• _PROBLEM STATEMENT_
When you reach the line with "Porsche Panamera 2023" in the data below, begin printing lines exactly, and stop once the line with "Lady Park Court, Leeds" has been printed.

*** Opening of PROVIDED MATERIAL ***

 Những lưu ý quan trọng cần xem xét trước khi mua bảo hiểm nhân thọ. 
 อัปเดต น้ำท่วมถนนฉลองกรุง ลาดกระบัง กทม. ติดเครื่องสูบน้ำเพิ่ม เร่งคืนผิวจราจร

*** Close of PROVIDED MATERIAL ***
*** Opening of PROVIDED MATERIAL ***

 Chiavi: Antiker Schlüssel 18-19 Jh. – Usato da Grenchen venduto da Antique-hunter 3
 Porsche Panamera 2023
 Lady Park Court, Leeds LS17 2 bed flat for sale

*** Close of PROVIDED MATERIAL ***

• _PROBLEM SOLUTION_
 Porsche Panamera 2023
 Lady Park Court, Leeds LS17 2 bed flat for sale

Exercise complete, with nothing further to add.